Japan’s economy shrank at the fastest pace in almost six years as a sales tax hike hit consumer and business spending, raising the risk of a recession as China’s coronavirus outbreak chills global activity. The widening fallout from the epidemic, which is damaging output and tourism, could have a significant impact on Japan if it’s not contained in coming months. Japan’s GDP shrank an annualized 6.3% in the October-December period, government data showed. It was the biggest fall since the second quarter of 2014, when consumption took a hit from a sales tax hike in April of that year. The weak data also comes amid signs of struggle in the wider region with the coronavirus, leaving Japan vulnerable to a recession. Singapore cut its economic growth projections for 2020, Thailand posted its slowest expansion in five years and China’s home prices rose at their weakest pace in almost two years. The sales tax hike in October last year - as well as unusually warm weather that hurt sales of winter items - weighed on private consumption, which sank a bigger-than-expected 2.9%, marking the first drop in five quarters. Capital expenditure fell 3.7% in the fourth quarter. Combined, domestic demand knocked 2.1 percentage points off GDP growth, more than offsetting a 0.5 point contribution from external demand.
The UK’s Office for National Statistics released the quarterly GDP report last week. The data showed that there was no growth during the final three months of the year. This follows a revised 0.5% increase during the third quarter. Despite increases in the construction and services sector, the manufacturing and automobile sector slump offset the gains. On a year over year basis, the UK’s GDP grew just 1.1% on the year, slightly down from 1.2% into the previous quarter. Meanwhile the GBP continues to strengthen ahead of the UK-EU talks buying 1.3043$ and €1.2028 while the FTSE has started the day strong quoting 7427.60 regaining some of the Friday’s losses. A raft of macroeconomic data floods the UK docket with labour market figures on Tuesday, inflation on Wednesday, retail sales on Thursday and flash PMIs on Friday. So far, economic data for the month of January has been somewhat robust in comparison. With various measures of private business picking up, focus now shifts to inflation as consumer prices could be dealt a blow following the sharp fall of oil prices during the month. This could ease the pressure of the Bank of England for its next interest rate decision.

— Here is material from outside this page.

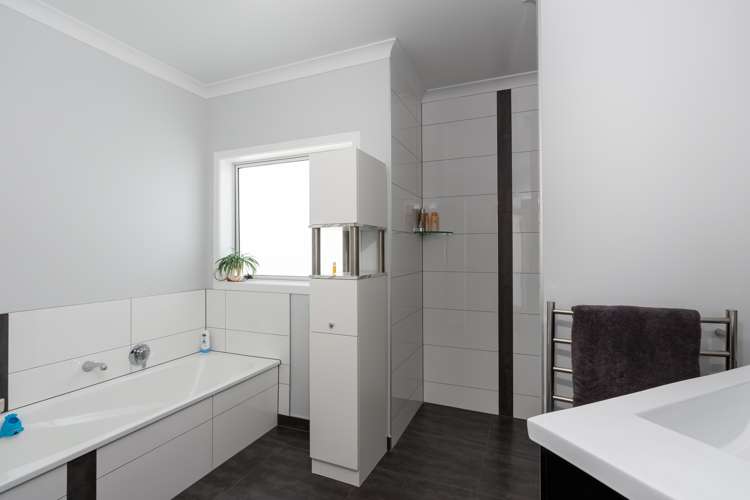 15 Maple Grove Acacia Bay_13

Europe may have lost the battle to create digital champions capable of taking on U.S. and Chinese companies harvesting personal data, but it can win the war of industrial data, Europe’s industry policy chief said on Saturday. Vast troves of data from how fast we drive our cars to how much time a robot needs to churn out products will open a new front in the battle for digital dominance, said Thierry Breton, the European Commissioner in charge of the bloc’s single market. Alarmed by the dominance of U.S. and Chinese tech companies such as Google, Amazon or Huawei, the European Commission is leaving behind the “laissez-faire” attitude of the early 2000s and ratcheting up regulatory pressure to protect its businesses. The new approach will be on display on Wednesday when Breton unveils the bloc’s new data and artificial intelligence strategy. Breton said the EU had a unique opportunity to win the next phase of the digital revolution centred on the harvesting, management and analysis of data from factories, transport, energy and healthcare. A former CEO of French IT giant Atos and telecoms group Orange, Breton said the European Commission would unveil a three-pronged approach consisting of tighter regulations, infrastructure investment and sector-specific strategies. Europe will remain open to non-European companies but wants to use the heft of its industrial base to set its own rules before other continents do, Breton said.
The markets look to a quiet trading week ahead. The Reserve Bank of Australia will be releasing its monetary policy meeting minutes covering the early February RBA meeting. Interest rates were left unchanged, but the central bank downgraded its GDP and inflation forecasts for 2020. The FOMC meeting minutes will be coming up this week. They cover the month of February where the central bank held rates steady. Policy makers signalled that interest rates will remain unchanged in the course of the year so unless there is some surprising news, the Fed minutes could be a non-event. Data from the Eurozone will cover the flash PMI’s for February. The data for January was somewhat mixed but with Germany’s industrial sector falling sharply in December, focus will be on whether the forward-looking indicators will see a pick-up in growth so watch out for a volatile euro.